There’s a handy tip gents: When you’re on a date or a set up or whatever you call these situations – ask questions. It makes it a lot smoother when one person isn’t the only one asking questions.
Lucky for Ryan, Mary tried to help out. “Reenie has a big family, how many siblings do you have Reenie?” A few minutes later, Mary’s husband thought he’d help Ryan out too, “Reenie, did you tell him about the slide at your parent’s house?” Nope, somehow that never came up as we discussed Ryan’s job at length. So Mary’s husband talks a bit about how he knows my dad and the slide and then conversation moves on to other things. It was really awesome to realize they brought up those little factoids to spark conversation because those are literally the only things they know about me. (See rule 3) They don’t actually know me well enough to even pull the awkward line about dogs! (A mixed blessing really).
The moral of this particular story leads me to my sixth rule: If it sounds awful, you don’t have to agree to it. I am particularly bad at this one. But seriously, I should have stuck with my gut and told Mary that I would be open to meeting this guy but would prefer coffee with the two of us rather than brunch with people watching. Especially his mom and her excitable BFF. Seriously, Reenie, learn to say no already.

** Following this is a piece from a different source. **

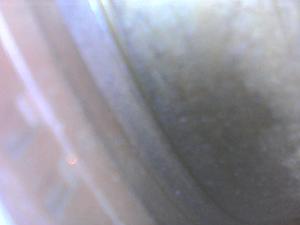 pics taken with borascope of rear seal leak-seal.jpg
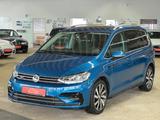 Volkswagen Touran 2.0 TDI DSG R-Line *AHK*SHZ*NAV*PAN*LED* - VW Touran Gebrauchtwagen in Leipzig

Or another time, that time my acquaintance set me up with her cousin? Right. For our first meeting, he thought the natural history museum would be fun. I wanted to die just thinking about a date at the natural history museum. But I felt bad nixing the idea and went along with it… and let me tell you, it was awful. One of the worst first dates ever… because let’s be honest, it isn’t like you’ve got a ton to discuss there at a lame natural history museum they haven’t updated since I last visited at age 12. “So hey, dinosaur bones.” “yup.” I shudder to think I agreed to this regardless of the fact that this awkward first meeting was at this awkward museum with a person who I already knew was awkward (at least on the phone) Righto. Take it from me, if it sounds awful, you don’t have to agree with it.
To the single people out there – I’m not saying you shouldn’t be open to being set up. In fact, since I haven’t met anyone on my own, I feel I should give set ups a fair chance. I’m trying to be open to new and interesting ways to meet people. BUT it is okay and probably wise to put some limitations on that. No to brunch with mom. No to a first date at the natural museum. No to chasing a man down in the car. Have some standards.